Use secure views and row access policies to deal with logical deletion patterns or patient opt-outs. In cases where a patient wants to opt out of sharing their information, the prescriber does not want to reveal the information, or any information for patients under the age of 18 cannot be shared, this is the one way to handle it.
To help meet personal data anonymization requirements that may be part of regulations, customers can implement row access policies that restrict access to certain rows based on the role of the user login; for example, someone from the marketing department would not be able to see sales data.
Additionally, dynamic data masking policies are an option. Depending on the role the user logs in with, data can be masked or redacted; for example, someone in human resources is allowed to only see salary details.
Setup audit control framework:
You can also maintain an audit control framework that tracks the data subject requests (who has requested, when, what data was deleted, rolled back, etc.). This can help for your audit requests and also helps to delete the personal data in case of accidental rollbacks, etc. Snowflake’s new feature, Access History, also helps you to easily determine who has accessed what data, and when (with high-level data lineage). This feature helps organizations respond to audit requests quickly and confidently.
Backing up of databases
Some customers wanted to keep the backup of the data for auditing purposes. As an example, keep the time travel for main customer data to be 32 days.
Use scheduled tasks to create a monthly backup as follows:
CREATE OR REPLACE TRANSIENT DATABASE prd_ent_presentation_db_bu_2020_01 CLONE prd_ent_presentation_db AT (TIMESTAMP => to_timestamp_tz('01/01/2020 00:00:00', 'mm/dd/yyyy hh24:mi:ss')) DATA_RETENTION_TIME_IN_DAYS = 0;
- Restrict the access to backup databases to only a set of administrators/stewards.
- Develop an automatic process to purge the older databases (based on the organization’s policy/GDPR restrictions).
DROP DATABASE prd_ent_presentation_db_bu_2020_01; --This data is instantly and irrevocably removed from Snowflake.
Note: Some of these examples don’t delete a user’s data (i.e., physical deletion).
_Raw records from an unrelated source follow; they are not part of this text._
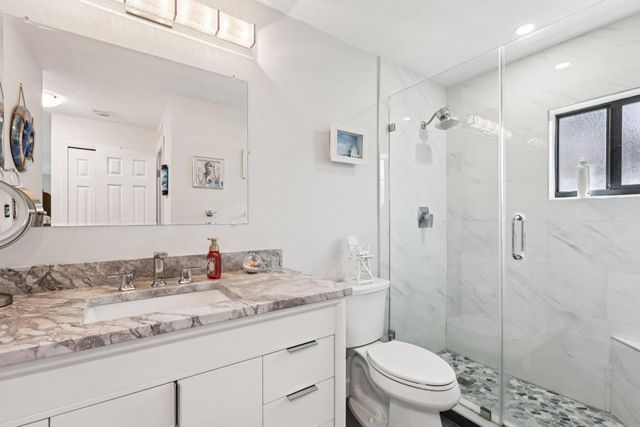 4854 Eqestrian Circle B, Boynton Beach, FL 33426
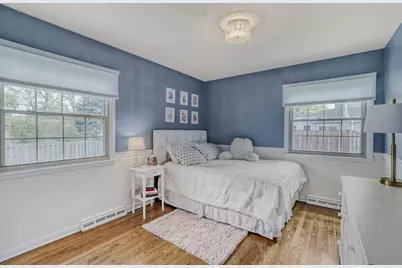15 N Gibbons Avenue, Arlington Heights, IL 60004 - Photo 14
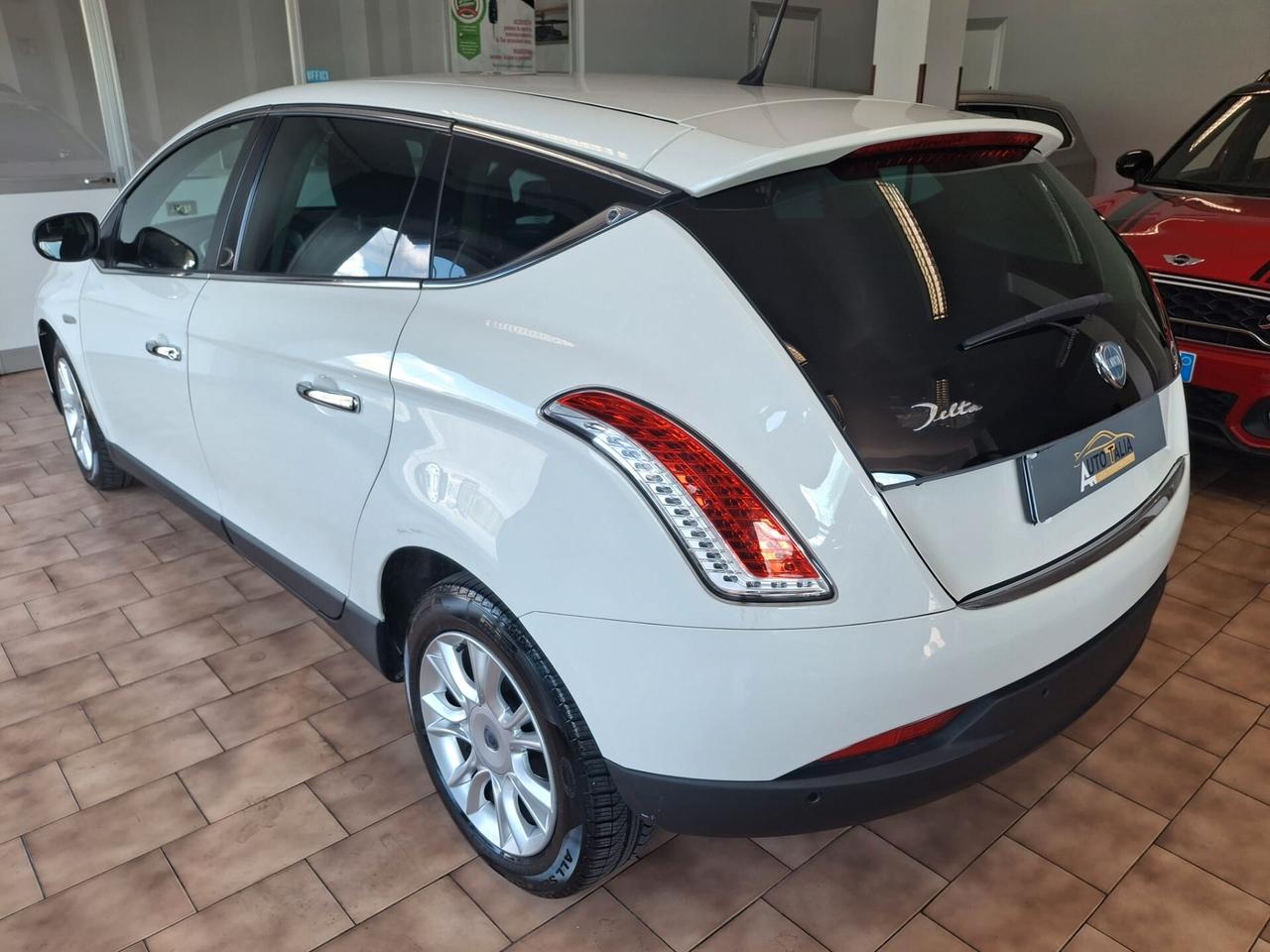 Lancia Delta 1.6 mjt Platino 120cv*NEOPATENTATI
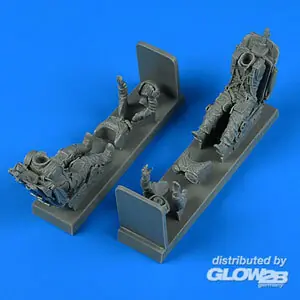Soviet Pilot and Trainer Pilot with ej. seat for MiG-21 UM for TRUMPETER in 1:32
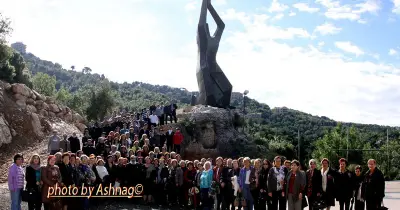ԼՕԽ-ականներու Այցելութիւն` «Զարեհեան» Դպրեվանք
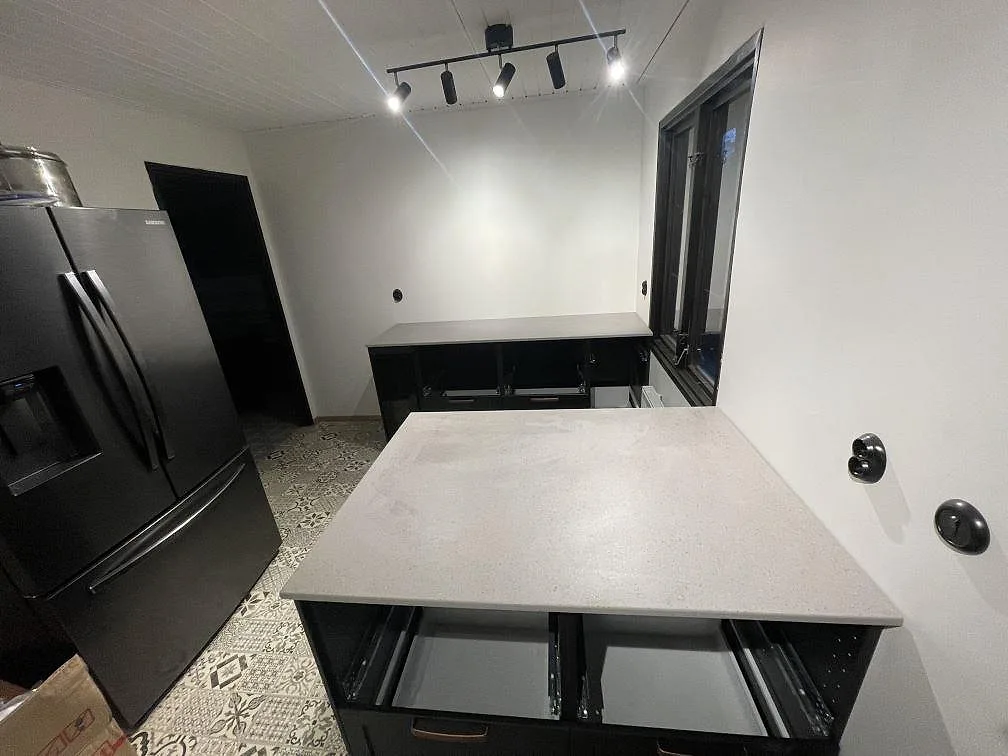 Køkkenbordplade i Dekton Strato, Beddingestrand – billede 8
Rather, logical deletions were used to allow auditing, “unforgetting” information, and more. Each company’s legal team should determine whether this is sufficient given the legal and regulatory requirements to which they are subject.
Secure Data Sharing helps to mitigate GDPR risk
Secure Data Sharing ensures no data has to be copied or transferred between accounts in a business ecosystem to allow access. Instead, everyone has access to a live, highly governed data set.
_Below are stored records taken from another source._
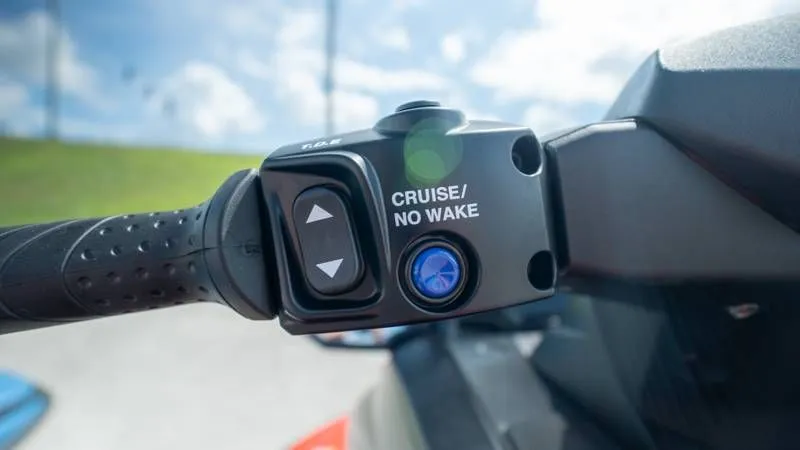 Slide: The Image of Yamaha WAVERUNNER VX DELUXE 2025 - 7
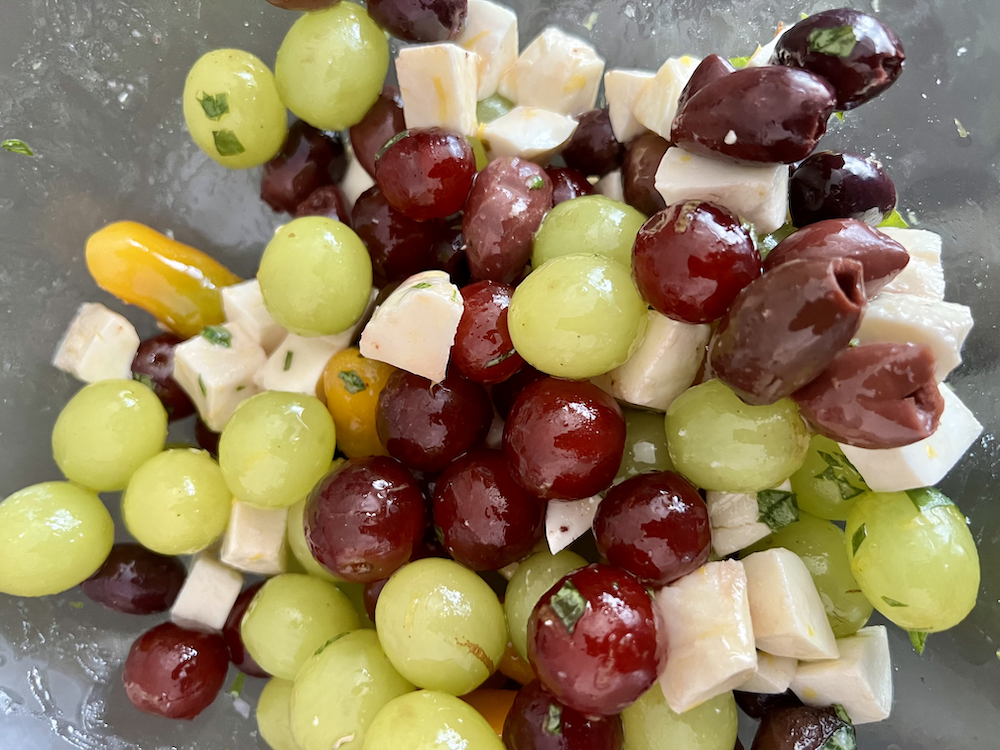 Grape Salad With Fresh Mozzarella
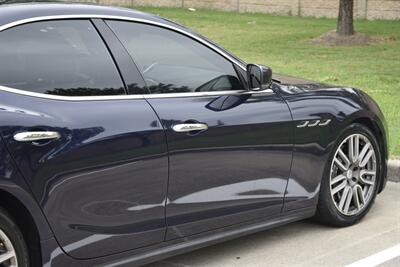 2015 Maserati Ghibli TOP LOADED 63K LOW MILES NEW CAR TRADE LOADED   - Photo 18 - Stafford, TX 77477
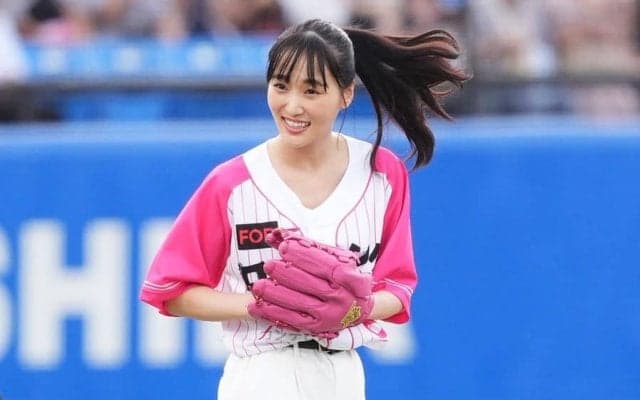 豪快足上げ→“くううう”　元坂道キャプテンが6年ぶり始球式、黒髪ポニテに場内歓声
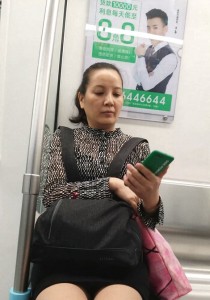 4K无水印性感美腿视频[228MB]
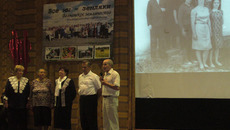 Молодыми учителями они начинали работать в волчанской школе. Фото Гаянэ ГРУЗДЬ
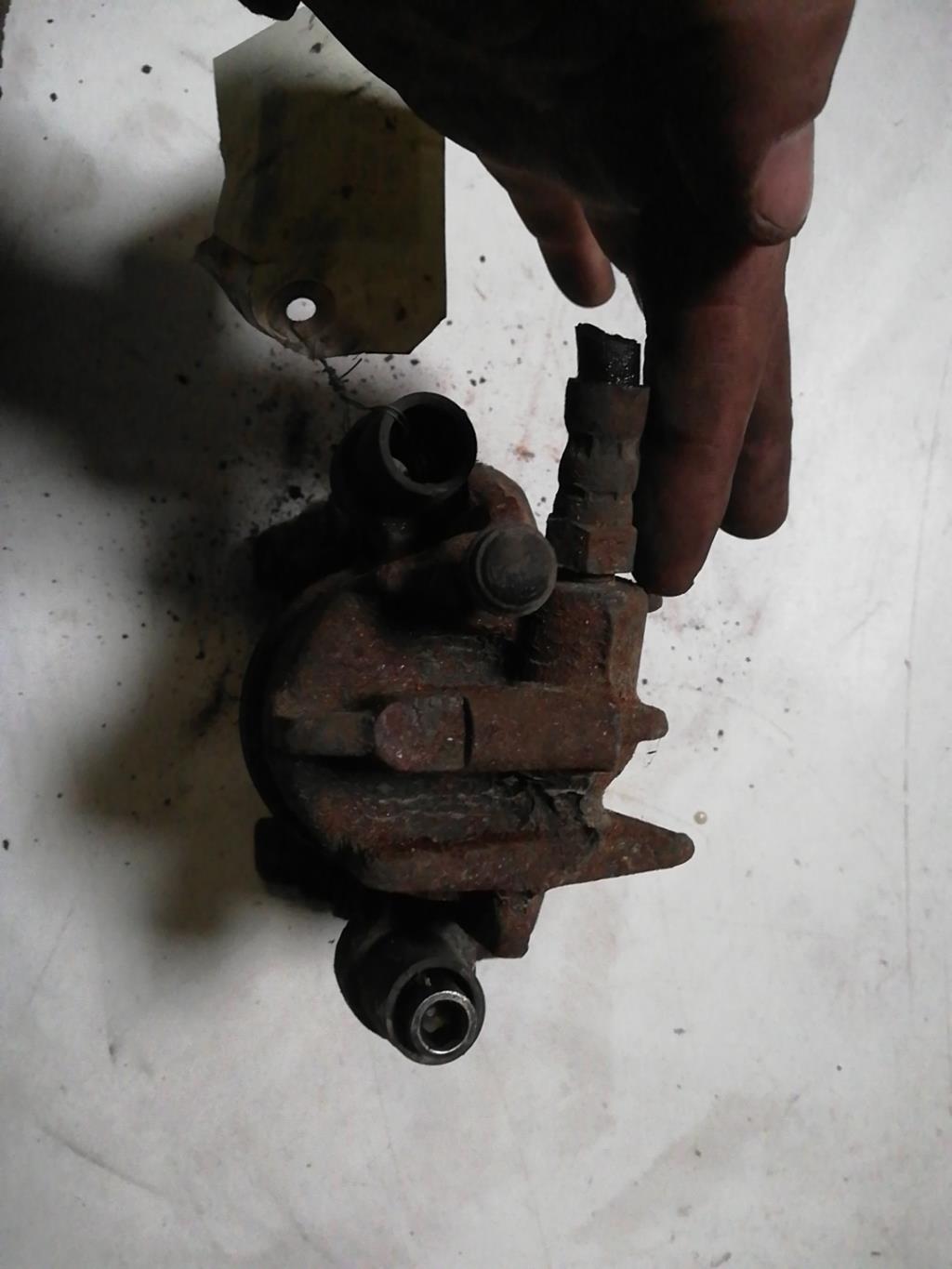 Pinza freni anteriore sinistra FORD FOCUS 1 Diésel - 1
With Secure Data Sharing, data sets can be accessible in and out of the country or region. There are also architectures to deal with scenarios such as “this subject area data can not leave the country/region,” and others.
Region Data Sharing Cross-Region Data Sharing
The patterns outlined above are options that Snowflake provides to help enable a customer with their compliance with GDPR. This is not legal advice. Nothing herein is intended to certify or otherwise guarantee that any specific methods will comply with a regulation, including GDPR. Each customer should review applicable privacy requirements and, based on review by your internal privacy and legal teams, determine acceptable data solutions. No guarantees will be made by Snowflake, either before, during, or after an engagement, that a specific solution will satisfy compliance with any applicable legal or regulatory requirements.